____ Provided data

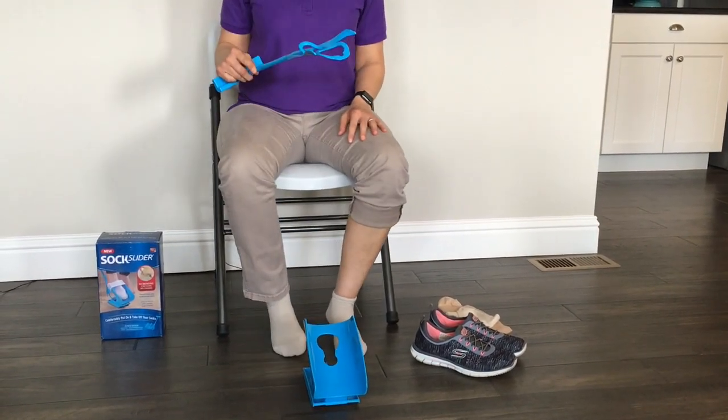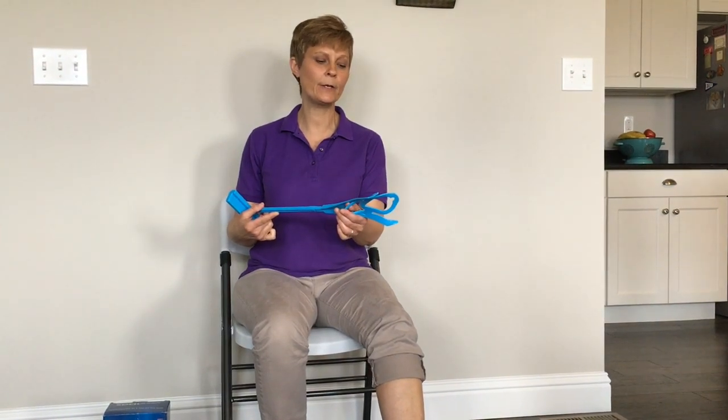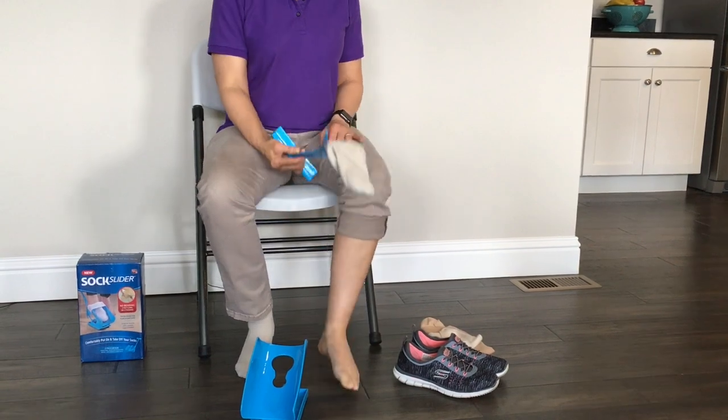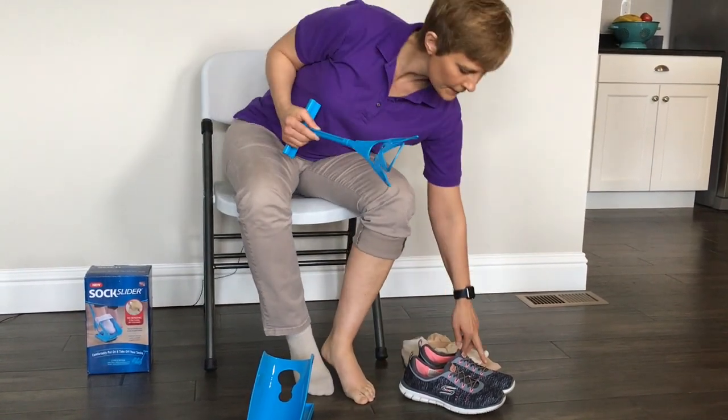Now we're going to try a dress sock, but while I'm addressing this, I want to show you that they also said you can use this piece right here to help remove one of your socks, which is true. You can take this little piece, slide it in the back of your sock, and push the sock off just like that. So that works. Let me get a dress sock now.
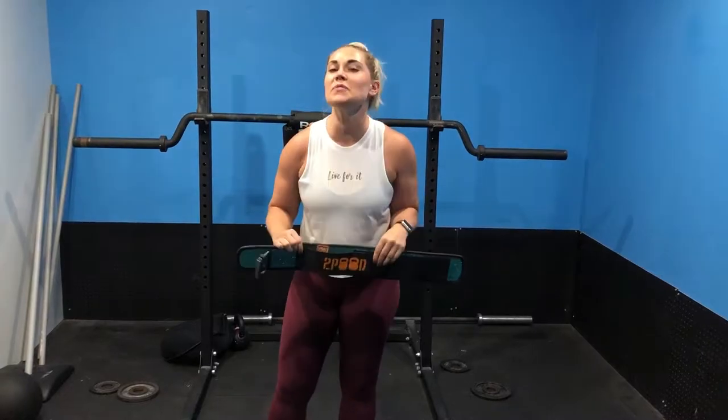Hey guys, so hopefully you paid attention during the first video that talked about back care and being nice and stable, working with your breathing and bracing. So if you didn't get that, or you don't understand how to breathe in and on that inhale really expand through your midsection, then this is not going to make as much sense. So that's really your starting place.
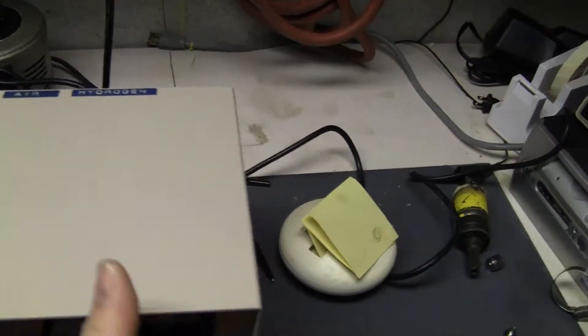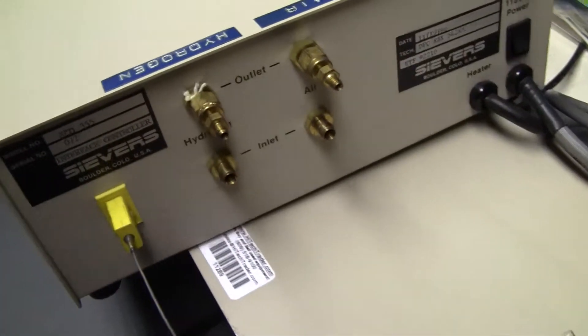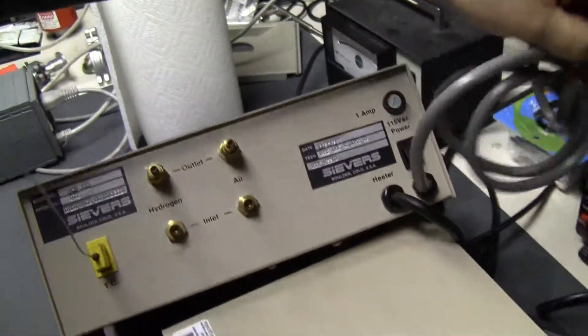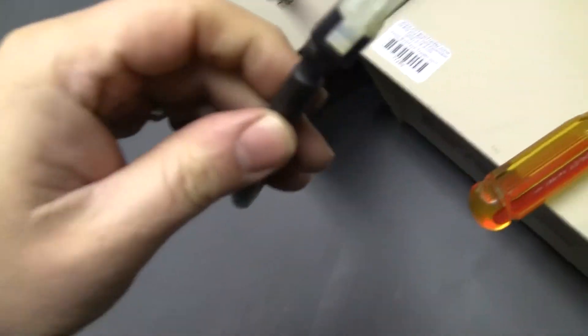Because there's no hydrogen or air on the back of it, let's turn it around. Nice fittings on the back, and the output plug is here.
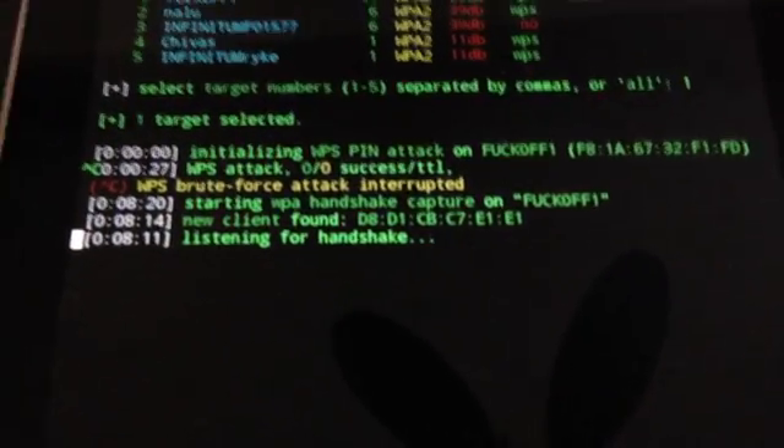It's sending a deauthentication - and bang, there we go! It has now saved the handshake into a capture file. It's called 'safe_handshake_[SSID name].cap'. Basically what we need to do now - and I can't do this here on the tablet - is simply run that handshake against a dictionary.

________

- Work instructions
Write out the data precisely as given, excluding the pictures.

- Task response
Now we're going to try a dress sock, but while I'm addressing this, I want to show you that they also said you can use this piece right here to help remove one of your socks, which is true. You can take this little piece, slide it in the back of your sock, and push the sock off just like that. So that works. Let me get a dress sock now.
Hey guys, so hopefully you paid attention during the first video that talked about back care and being nice and stable, working with your breathing and bracing. So if you didn't get that, or you don't understand how to breathe in and on that inhale really expand through your midsection, then this is not going to make as much sense. So that's really your starting place.
Because there's no hydrogen or air on the back of it, let's turn it around. Nice fittings on the back, and the output plug is here.
It's sending a deauthentication - and bang, there we go! It has now saved the handshake into a capture file. It's called 'safe_handshake_[SSID name].cap'. Basically what we need to do now - and I can't do this here on the tablet - is simply run that handshake against a dictionary.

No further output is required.